One of the fun parts of designing and building sets is the knowledge that you are also going to be removing it. Planning on it actually. What parts are going to be saved for another set. Which are going to be taken apart for material and which are just trash. Knowing that is how you know where to be careful and where to just rip-it-out!
It also makes the process quicker since you know where all the screws are! This is a huge help. There is no way to explain just how much time and aggravation this saves. If you have ever been completely stumped as to why something will just not come off/up/over/away and you are sure there is no other place for a fastener, you know what I mean. Then there is the one that only a tiny person with two elbows on the same arm could possibly have put where it is. No normal size arm and hand, holding a regular tool could get in there. Not ever!

Then there is the part about two plus weeks of intense, detailed, hard ass work to get the thing up and right as quickly and inexpensively as possible. Long, long, long days and night. Calls and emails about what needs to be where, to work how, to turn on or off, move which way and how many times? The minutia of what color should the towels be and one or two? Would that character really have that kind of art work? Fake flowers or real? Etc Etc Etc
I tried to describe the process to someone and the analogy of the four seasons came to mind.
Winter is the when the dressing goes back on the shelves. Art work, curtains, furniture, all that make a ‘place’ what it is. Bedroom, office, jail, airplane, diner or living room. It is all these things that allow the theater goer to ‘suspend reality’ and get into the story. Winter is when things die or become dormant. Much like the set. First the ‘place’ ceases to be a place. Then in many cases, even the walls come down.
Spring is next. Spring is the meetings with the director, the art director the lighting designer. This is when the new place begins to take shape. The soil is prepared, fed and readied for a seed. The seed is the desire for an X place. With X color scheme. After it has been sown, the seed begins to grow. This is the lay out on the floor in blue tape. The sharpie notes on floor, walls, tape, even on people on occasion! Once the form is in place, the idea needs to become a place. It is sprouting!
A flurry of growth occurs as walls, door, windows make it into place. The painting is like the buds – so close to being ready, mature, grown up! Just a few more days of sunshine… and Viola! We have 80% of a place. Now the furniture, the art, the bits and pieces of real stuff.
Summer is quickly in place as the actors take to the stage as it is intended, not just an idea or work in progress. They have taken the written word of a stranger and, committing to memory, have created a living, breathing, mobile version of those words. Summer is when the story is living its fullest in the presence of an audience, transported into another place, time, tale. Summer is hot but on occasion cool. There are cool summer breezes as well as hot summer rains. Shows are the same. Some are hot as hell yet the very next day is a rain storm. This is the beauty of live theater. Every single performance is unique.

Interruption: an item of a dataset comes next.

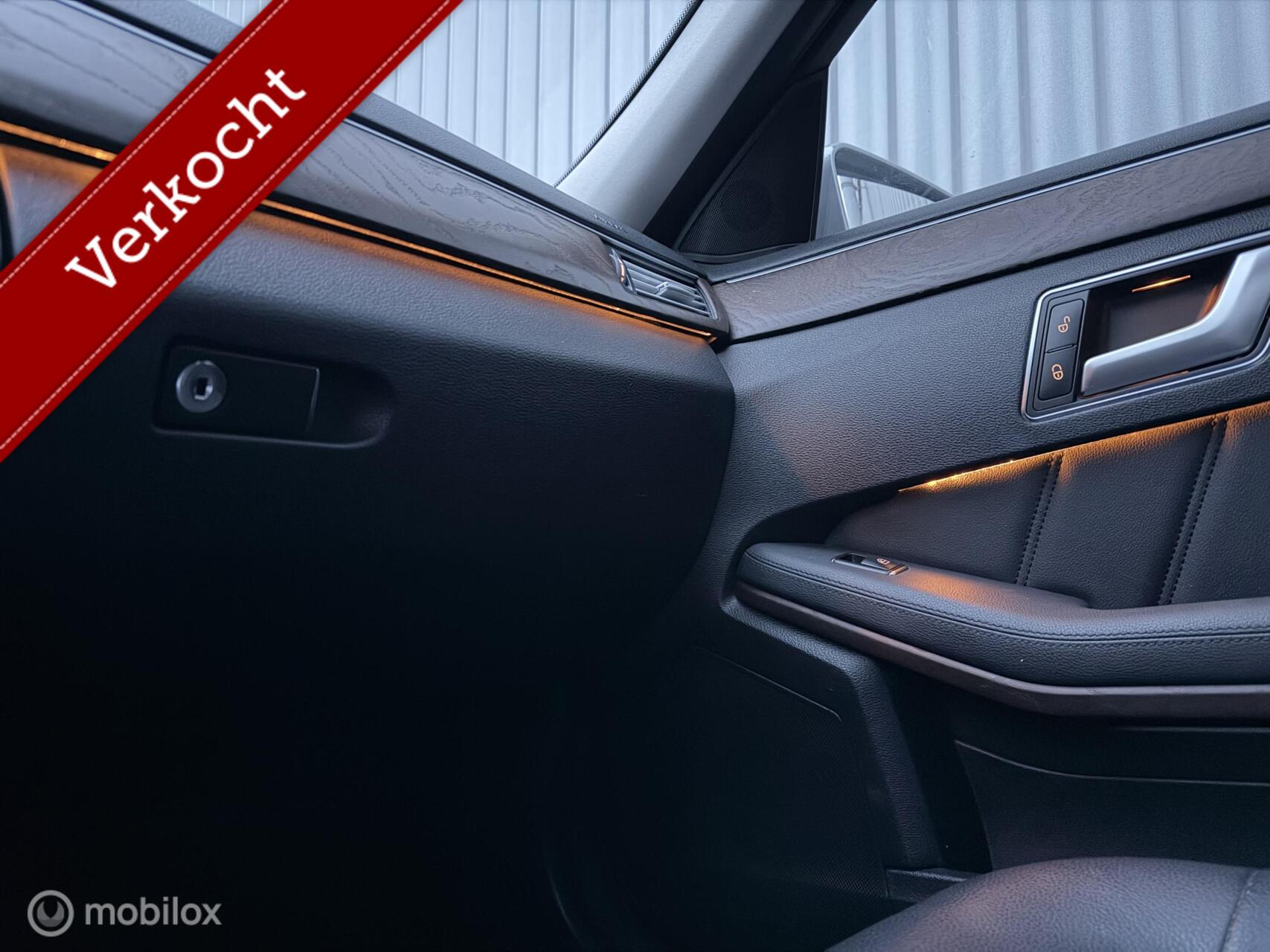 Foto van Mercedes-Benz E-klasse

Fall is a funky season in the way, life of a set. I see it as the closing weekend. The show has matured and (usually) has become a bit different from opening-night. There is a flow and confidence that only comes from repetition. The energy is high but also the expectation that this is the last weekend! Ugh! Equally happy and sad feelings are common among cast and crew. You get close doing a show. You also know that once it ends, you are not close anymore. Fall is just that – everything begins to fall away in preparation to disappear altogether. Fall is as lovely as it is ugly.

And back to winter. The cycle is endless as long as there is money to keep the doors open and people willing to volunteer their time and talent to the projects.
This past winter/spring I saw something that had only recently been asked of me. “After all this time, how thick is the paint on these walls”? At the time I was intrigued by the question. A lot I am sure. Years worth. But what does that look like I wondered?
As this set went from white to black I decided to repair a section of wall that has actually been bugging me for a decade. Why is this big lump here? Only way to find out is to break into it. Much to my surprise and delight the lump was easy to get into. It was a thick, semi-flexible chunk of – PAINT! Once I cut it way with my razor knife I discovered the source of my bump. A staple. One staple. It was painted over and the paint ran down the wall. The staple and the run were painted over again. And again, and again and again………..
The lump was near twenty four inches long and near the top, over a quarter inch thick. In pealing away the paint (a section eight inches wide and thirty inches long I removed a sheet of paint three eighths of an inch think. When sliced at an angle, the paint layers looked like strata in the rock cliffs of a desert. Over all, I would guess we have lost a full half inch of stage due to paint build up! No idea what to do but take the walls down and replace. An idea in play actually but for other reasons. This may just be a bonus!
I just wanted to tell you about the seasons of and the strata effect of set building. The creating and de-creating of places.